Nothing but the lines from the one with "Iris & Ink - Charlie" through the end of the material should be retyped, word for word and without pictures.

━━━ Supplied material ━━━

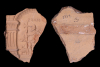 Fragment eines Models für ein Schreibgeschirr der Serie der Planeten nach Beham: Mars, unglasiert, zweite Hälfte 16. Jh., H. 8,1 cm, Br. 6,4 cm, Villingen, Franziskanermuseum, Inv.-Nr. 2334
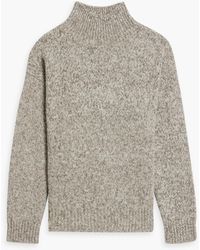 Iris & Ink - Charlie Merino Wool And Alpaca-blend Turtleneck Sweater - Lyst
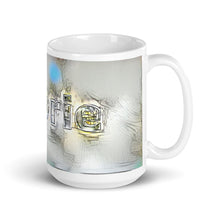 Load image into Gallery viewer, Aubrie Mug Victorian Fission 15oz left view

━━━

Reply
 Iris & Ink - Charlie Merino Wool And Alpaca-blend Turtleneck Sweater - Lyst
 Load image into Gallery viewer, Aubrie Mug Victorian Fission 15oz left view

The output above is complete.